Family Magazine

Book Tour and Excerpt: Misadventures of a Parenting Yogi, by Brian Leaf

By Parentingauthor @ParentingAuthor
Susan Heim on Parenting is pleased to be a stop on the blog tour for Brian Leaf's new book, Misadventures of a Parenting Yogi: Cloth Diapers, Cosleeping, and My (Sometimes Successful) Quest for Conscious Parenting (New World Library, June 1, 2014).
Book Tour and Excerpt: Misadventures of a Parenting Yogi, by Brian Leaf
About the Book:
In his first book, Misadventures of a Garden State Yogi, author, yoga teacher, and blogger Brian Leaf told the funny, transformative story of how, as a freshman at Georgetown University, yoga changed his life.
Now, in Misadventures of a Parenting Yogi, Leaf turns his observant wit, and the calming effects of his yoga practice, toward his journey into “conscious parenting.”

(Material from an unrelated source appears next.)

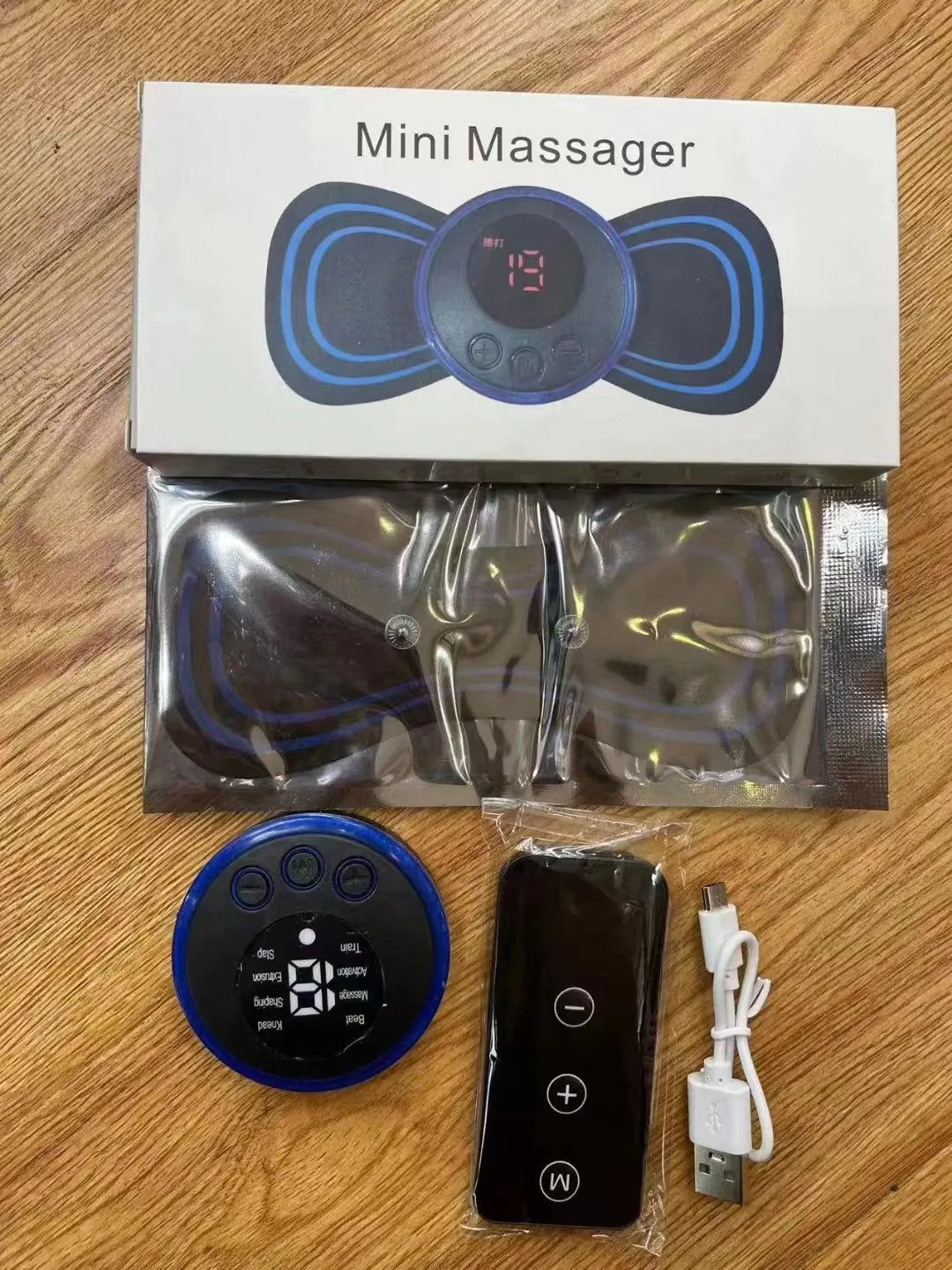 image-Portable Microcurrent Neck Massager - EMS Shoulder & Neck Patch YCY-301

Leaf recounts hilarious stories of family mishaps and conundrums that any parent will relate to on a far-ranging list of topics — from birthing class to breastfeeding, choosing a school to pooping, and much more. He also imparts wisdom and techniques from the wide variety of parenting philosophies he and his wife have studied along the way — Attachment, Playful, Unconditional, Simplicity, and good old Dr. Spock parenting.
"Make no mistake. I don’t have it all figured out,” Leaf writes. “I’m about as neurotic as the next guy. Maybe just a bit more. And that’s why I know that another sure key to parenting is patience, compassion, forgiveness, and even faith, in my kids, of course, but also in myself.”
Book Trailer:

Brown Bear, Brown Bear, What Do You See? An Excerpt from Misadventures of a Parenting Yogi
Noah has just figured out that I have hair on my body and that he doesn’t. A developmental landmark, to be sure. Unfortunately, though, his fascination is not so much with my legs, arms, chest, or even beard. He is consumed by the fact that, amazingly, he has no hair down below — on that part of Michelangelo’s David that all kids stare at — and I do.

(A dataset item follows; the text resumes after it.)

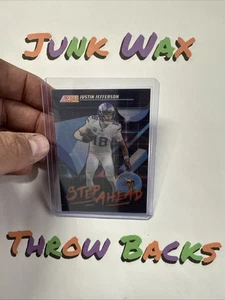 2025 Panini Score Justin Jefferson Step Ahead Case Hit SSP #SA-JJN - Picture 1 of 3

Which is fine. Except that kids have no filters. They will say anything. They don’t know that it’s funnier to point out your fart at home than it is at the salon. At nursery school pickup, they’ll tell their teacher that you didn’t wash your hands in the bathroom, or they’ll ask you loudly if a woman with a bit of a mustache is a man.

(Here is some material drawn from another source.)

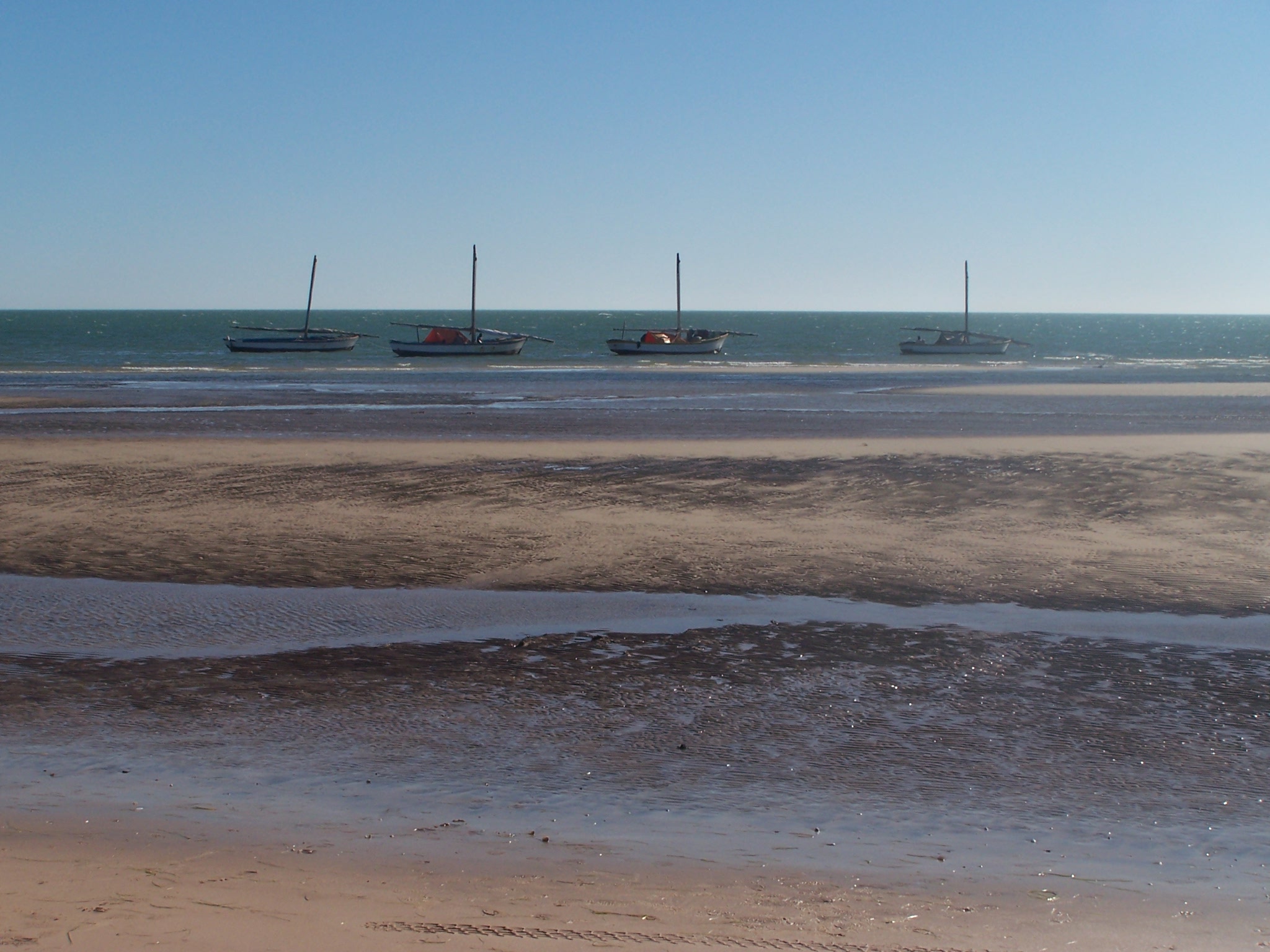 Fishing boats at Banc d'Arguin National Park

Book Tour and Excerpt: Misadventures of a Parenting Yogi, by Brian Leaf
Eight years ago, before I was a parent, my four-year-old nephew shouted angrily at me in a public men’s bathroom, “Stop sticking your finger into my tushie!” (I was not, though perhaps I was wiping a bit too thoroughly.)
So now Noah demands a viewing and a comparison at every possible opportunity. I don’t believe in making any bodily parts or processes taboo. For example, when Benji wants to inspect the goods before we dump his potty, I say absolutely. (I do draw the line when he wants to use it as Play-Doh.) So when Noah wants to view my hairy David, I go with it.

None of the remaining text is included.